The conversation part actually begins before the concert, at a symposium earlier that day, featuring Susan, Angela Bourke, and Patrick Tracey, at Glucksman Ireland House (see http://www.irelandhouse.as.nyu.edu/object/ne.singinginthedark or call (212) 998-3950 for information).

"When I came up with this idea, I couldn't believe it hadn't happened before! But anytime I searched on Amazon for music and mania, all I came up with was Leonard Cohen."

Cohen also appears on the album. "It felt like a glaringly obvious one that nobody had done. Benefit albums have been made to Save the Whales and the Environment but not on mental health.

"Suicide in Ireland has gotten worse. People are surprised that even during the Boom, when things were going well, it got worse. And now that the Boom is over, it's not starting to decline. Everybody's searching for ways to address this issue. Ireland is in the top 4 or 5 rates of suicide in Europe. I don't think there's a school child in Ireland in secondary school who doesn't know somebody who died by that means. It's shocking. 14-year-old kids!

"When I was in secondary school, I was not aware of anyone of my generation talking about anyone even attempting it. I did have one good friend whose father died by that means, and there was all sorts of strange behavior in community afterwards. It was secret and not talked about. There was no place for them to share grief and talk about it. When you look at the history of medicalization of mood as a result of traumatic experience, I question why are we locking people up, and not finding better ways to help our own?"

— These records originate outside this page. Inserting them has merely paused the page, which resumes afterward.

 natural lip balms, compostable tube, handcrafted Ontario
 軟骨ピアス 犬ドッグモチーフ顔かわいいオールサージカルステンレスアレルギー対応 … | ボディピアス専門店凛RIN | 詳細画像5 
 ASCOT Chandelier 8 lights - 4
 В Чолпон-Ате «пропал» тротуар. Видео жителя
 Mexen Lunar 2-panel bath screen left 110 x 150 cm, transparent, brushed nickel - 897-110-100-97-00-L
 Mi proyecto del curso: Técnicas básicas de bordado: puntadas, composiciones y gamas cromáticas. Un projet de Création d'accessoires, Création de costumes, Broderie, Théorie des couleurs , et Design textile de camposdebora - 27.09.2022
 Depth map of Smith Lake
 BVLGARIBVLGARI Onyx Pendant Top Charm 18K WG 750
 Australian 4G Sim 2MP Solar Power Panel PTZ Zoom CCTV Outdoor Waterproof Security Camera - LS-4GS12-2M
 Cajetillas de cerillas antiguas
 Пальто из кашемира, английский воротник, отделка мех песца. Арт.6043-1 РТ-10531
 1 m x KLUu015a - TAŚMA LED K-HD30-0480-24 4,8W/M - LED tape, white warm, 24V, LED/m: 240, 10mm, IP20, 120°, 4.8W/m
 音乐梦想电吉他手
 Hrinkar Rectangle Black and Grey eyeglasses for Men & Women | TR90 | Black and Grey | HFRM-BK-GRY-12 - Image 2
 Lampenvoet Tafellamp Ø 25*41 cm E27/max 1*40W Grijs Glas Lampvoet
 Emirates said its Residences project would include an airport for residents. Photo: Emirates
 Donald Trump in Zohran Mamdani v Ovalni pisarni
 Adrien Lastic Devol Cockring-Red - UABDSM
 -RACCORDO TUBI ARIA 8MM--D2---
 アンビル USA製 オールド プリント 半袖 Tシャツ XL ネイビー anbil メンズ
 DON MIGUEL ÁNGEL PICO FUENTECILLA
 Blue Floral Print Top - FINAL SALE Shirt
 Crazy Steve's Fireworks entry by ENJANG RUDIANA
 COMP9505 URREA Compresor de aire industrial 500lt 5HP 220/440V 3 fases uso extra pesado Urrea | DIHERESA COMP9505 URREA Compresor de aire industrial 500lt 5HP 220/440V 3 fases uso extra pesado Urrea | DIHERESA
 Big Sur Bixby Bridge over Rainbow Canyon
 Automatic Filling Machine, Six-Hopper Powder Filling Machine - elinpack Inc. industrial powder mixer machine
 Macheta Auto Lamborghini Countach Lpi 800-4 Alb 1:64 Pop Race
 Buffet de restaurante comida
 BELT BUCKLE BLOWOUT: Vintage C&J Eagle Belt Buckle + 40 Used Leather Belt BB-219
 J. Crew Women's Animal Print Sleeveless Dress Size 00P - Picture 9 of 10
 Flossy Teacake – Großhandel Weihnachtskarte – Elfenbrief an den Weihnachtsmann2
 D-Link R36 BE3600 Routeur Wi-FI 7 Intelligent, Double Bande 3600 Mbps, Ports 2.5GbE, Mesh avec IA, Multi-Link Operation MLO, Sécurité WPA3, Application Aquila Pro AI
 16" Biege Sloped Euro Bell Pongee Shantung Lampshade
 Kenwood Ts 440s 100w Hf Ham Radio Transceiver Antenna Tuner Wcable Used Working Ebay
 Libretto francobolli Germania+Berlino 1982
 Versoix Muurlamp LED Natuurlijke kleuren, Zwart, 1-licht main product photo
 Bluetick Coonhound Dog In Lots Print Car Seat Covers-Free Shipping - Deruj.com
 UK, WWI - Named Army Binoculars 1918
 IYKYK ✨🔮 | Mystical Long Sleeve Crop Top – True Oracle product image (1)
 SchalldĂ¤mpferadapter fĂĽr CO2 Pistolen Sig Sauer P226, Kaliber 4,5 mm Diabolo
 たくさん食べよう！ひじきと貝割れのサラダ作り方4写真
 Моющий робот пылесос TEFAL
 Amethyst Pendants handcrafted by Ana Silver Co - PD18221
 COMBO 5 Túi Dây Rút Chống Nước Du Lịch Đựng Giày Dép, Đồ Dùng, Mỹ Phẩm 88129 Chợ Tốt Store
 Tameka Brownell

Some issues have been haunting the Irish for a long, long time. The oldest lyric on the album is "Mad Sweeney"-thought to be over a thousand years old.

The epic poem of a king cursed to live among the trees as a bird, it can be viewed as the story of a man who is cut off, can't connect with his family or friends, can't have an intimate relationship with a woman. "Seamus Heaney allowed me to use a line of his translation, 'I need woods for consolation.' It's only in nature Sweeney can find comfort and calm. He can't figure out his place in society." All too haunting for contemporary Ireland whose shift even in the past 20 years away from agriculture to industry has been steep.

Letting the project linger in her own head for so many years helped it find its shape.

Melodies might come in strange ways - even in dreams, which is particularly appropriate for an album seeking to explore the recesses of creativity.

She knew she wanted to included "The Nameless One" by James Clarence Mangan for a long time, but it wasn't until she saw a clip of piper Sean McKiernan that she remembered that she'd woken up with the melody in her head for the chorus.

"Mangan's writing set him free," Susan said of the author of "My Dark Rosaleen" who died of complications of alcoholism in 1849. "Our rate of alcoholism can be tied in to other things - perhaps it's people self-medicating."

But if alcohol is a coping mechanism, so are the arts.

Singing in the Dark sheds some very warm light in that darkness.